Southern Alberta Basin (NW Montana)
- 175,000 net acres
- The acreage is on the eastern edge of Glacier county, spilling over into Toole, largely contiguous and would be just east of where Rosetta (NASDAQ:ROSE) and Newfield (NYSE:NFX) are drilling now.
- For now they're letting ROSE and NFX forge ahead with vertical and horizontal programs and seeing how they do. We should get details on both of those efforts before year end and quite possibly by the 3Q calls.
Bone Springs (Delaware Basin, West Texas)
- 54,000 net acres, primarily in Presidio County, TX, still adding acreage.
- In the general area you have a plethora of operators including Apache (APA), El Paso (EP), EOG, Devon Energy (NYSE:DVN), and Chesapeake (NYSE:CHK).
- Plan for 2011 is to re-enter a number of wells in search of the Wolfbone vertical potential as well as to examine the idea of Wolffork horizontals.
- 64% net debt to cap,
- Management has indicated it plans to reduce debt, probably slowly (if at all) this year, with plans to more noticeably reduce leverage in the next two years. My sense is that management's view is that current debt levels are more than easily managed but it gets the Street's more typical aversion to it and so has said it will be bringing it down. Any real reduction in debt in the next two years is likely highly contingent upon the success in the new ventures arena with greater success limiting capital diverted to debt reduction.
- Management has mentioned potentially monetizing assets from portions of some of the plays mentioned above to some of the considerable midstream assets to the rest of the BreitBurn Energy (NASDAQ:BBEP) MLP holdings as possible cash raising avenues.
- $480 to $500 mm for 2011, with probably 50% of it already spent
- This is essentially in line with expected current year cash flow plus the proceeds of their recent BBEP asset sale.
Nutshell: I don't own it but I find it more interesting in the wake of a failed attempt to take it private, the recent sale of half of its MLP stake, and what appears to be a renewed focus on new ventures. The Barnett should continue to be the lead on production growth this year and early next but an oilier set of opportunities could begin to become impactful as soon as mid year 2012. In the meantime the Barnett provides a stable (and well hedged) source of cash flow.
The name is not expensive or inexpensive on a P/CF basis (see table above) but given its ability to predictably grow production from the relatively manufacturing-like business of the Barnett until the other plays come to the fore - the outyear multiple isn't excessive. At $1.57 /Mcfe for proved reserves it's fairly cheap to many of its gassy peers.

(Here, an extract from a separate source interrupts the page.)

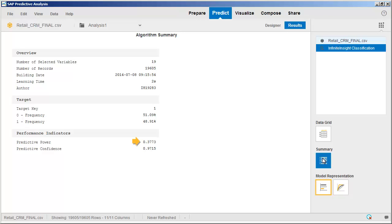The predictive power of 0.3773 is a measure of how well the model can predict the values in the Buy Next Month column based on the other variables we selected. Although this number is not especially high, a predictive power as low as 0.1 can be useful in some cases.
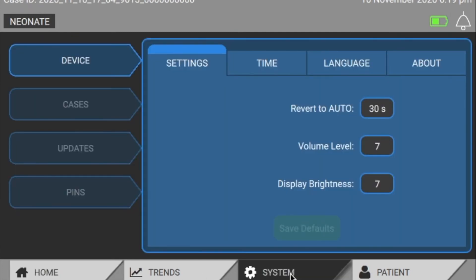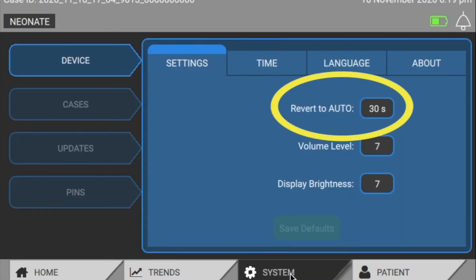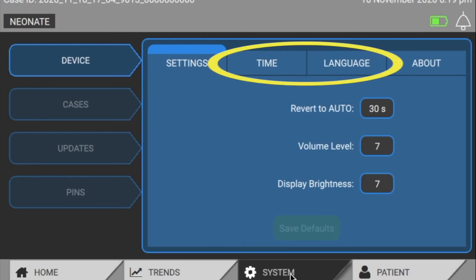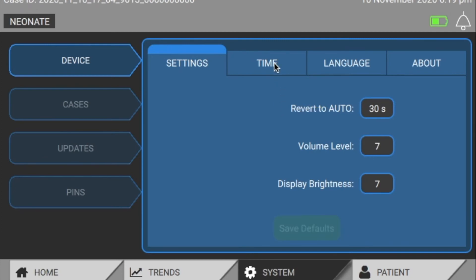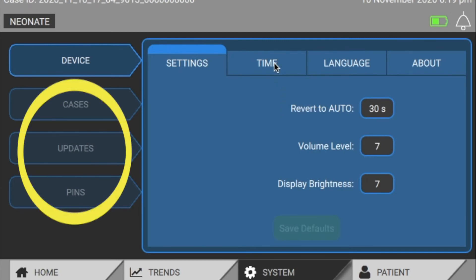On the system screen, you can change the revert-to-auto time as well as other system settings such as time, language, volume, or display brightness. You can also use this screen to update software, download case data, or change your pin codes.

When you throw in the 10 Tcfe potential comment from Horn River and potential upside from large acreage tracts in both Canada and the U.S., plays which offer potential oily reserves, the name would appear to be undervalued. Not that it hasn't been that way for some time, but with some of the plays being tested by management and some soon to be tested by offset operators it is conceivable that the name could start to discount some of the new play value.